[Items listed in a dataset]
● ● ● ● ●
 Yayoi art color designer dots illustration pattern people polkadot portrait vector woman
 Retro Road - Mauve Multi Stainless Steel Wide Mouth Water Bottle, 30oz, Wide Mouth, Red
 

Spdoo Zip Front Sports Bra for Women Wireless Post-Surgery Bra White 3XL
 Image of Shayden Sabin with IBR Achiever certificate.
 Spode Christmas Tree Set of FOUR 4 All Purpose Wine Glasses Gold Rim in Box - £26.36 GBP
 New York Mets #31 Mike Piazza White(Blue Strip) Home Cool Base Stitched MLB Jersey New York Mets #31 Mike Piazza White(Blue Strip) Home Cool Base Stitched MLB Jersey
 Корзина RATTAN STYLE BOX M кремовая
● ● ● ● ●
Within the records above, the line carrying "MLB Jersey New" starts the range and the last line ends it. Set down that range exactly.

◆ ANSWER AREA:
 New York Mets #31 Mike Piazza White(Blue Strip) Home Cool Base Stitched MLB Jersey New York Mets #31 Mike Piazza White(Blue Strip) Home Cool Base Stitched MLB Jersey
 Корзина RATTAN STYLE BOX M кремовая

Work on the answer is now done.